Two obvious things can be said about the south-west of Western Australia: it's very sandy and it's very flat. Actually there are some important and interesting exceptions. But let us look at the obvious characteristics first. Both of them arise from the fact that the land surface is very old indeed.

When the earth was young, it took a long time to organize the constituents that had come together from interplanetary dust. The heavy (and meltable) material had to find its way to the centre and the rather small proportion that we walk on and call the continents had to come to the surface as a "scum". Relative to the rest of the earth, this material was rather light. It contained a good deal of silica - the oxide of silicon. Geologists refer to material with a lot of silica as "acidic". Beneath this acid scum was (and still is) a layer of rock with less silica, more calcium and more phosphate - a more "basic" rock.

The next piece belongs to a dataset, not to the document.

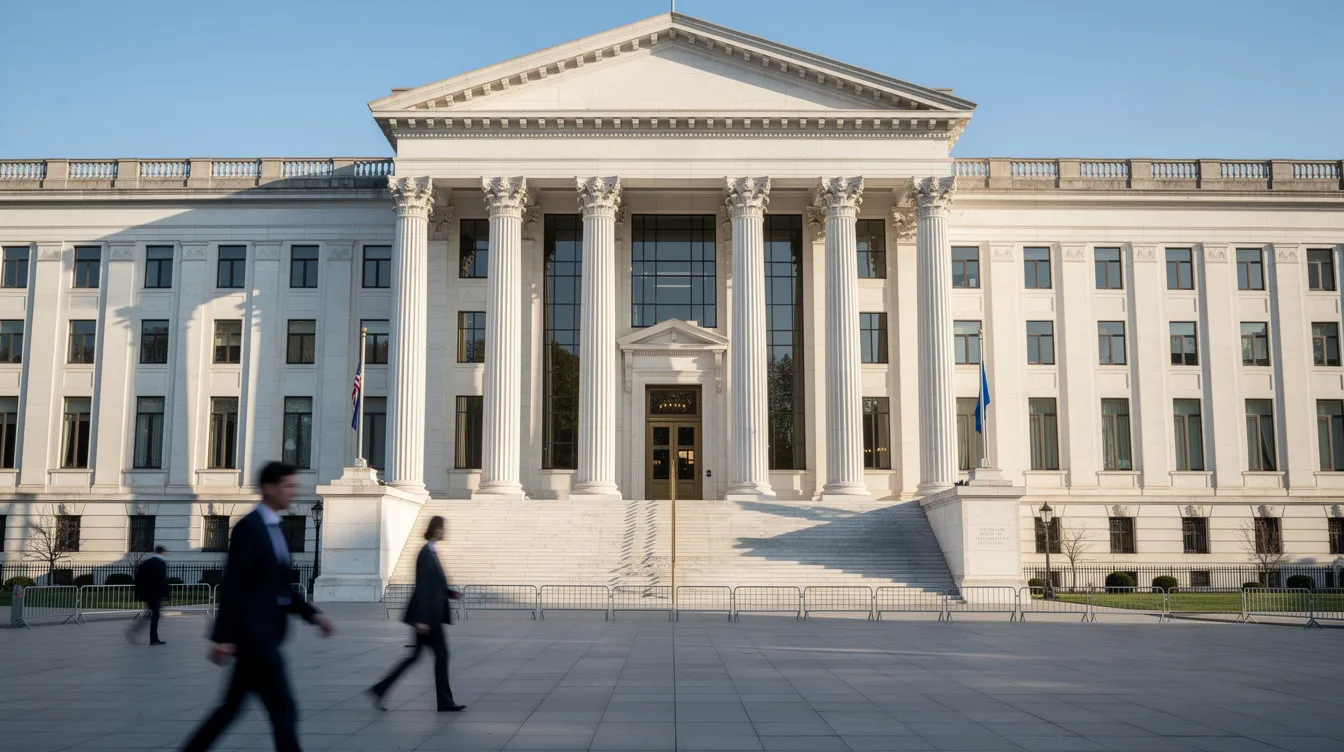 The image depicts a large government building with grand columns, symbolizing the central bank's role in shaping monetary policy decisions, including the determination of the federal funds rate and prime interest rate. This structure represents the influence of the Federal Reserve on various financial products, such as mortgages and loans, affecting interest rates across financial institutions.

Fortunately for us, this scum wasn't smeared uniformly across the surface. If it were, the whole of the earth would be level and would therefore be covered by water. It seems that convection currents in the semi-molten rock gave rise to lines of scum that came together to form rafts. Weathering was pretty fierce of course and there was a lot of churning so that there was some mixing of the scum with the basic rock underneath. This is a very simplified description of the processes that gave rise to the eastern section of the south west - the eastern goldfields. The greenstone belts are the remnants of this early churning and they tend to run in more-or-less north-south lines.

Once these early rafts started to form, they seemed to serve as zones alongside which there were further accumulations of silica-rich rock. Building of this area lasted until about 2 billion years ago with the western section rather younger than the eastern. A huge proportion of the south west is underlain by this granite (coloured red in the diagram). And the bits not directly formed from the granite are mostly from sediments that originally came from the granite.

The rocks cooled from a molten state very slowly. This meant that there was plenty of time for decent-sized crystals to grow. In very simplified terms, three different kinds of crystals formed in the rocks. One kind was largish, glass-like crystals of silica, which we call quartz. The second kind was semi-rectangular crystals of a potassium aluminium silicate called feldspar. And the third was black mica, looking like a stack of thin leaves. Have a look at a lump of granite one day with a hand lens. You can easily see these separate minerals. Mind you, that is a pretty gross oversimplification. For example, the term "feldspar" covers a suite of minerals with various amounts of potassium, calcium, magnesium and sodium. And there can be some other black minerals.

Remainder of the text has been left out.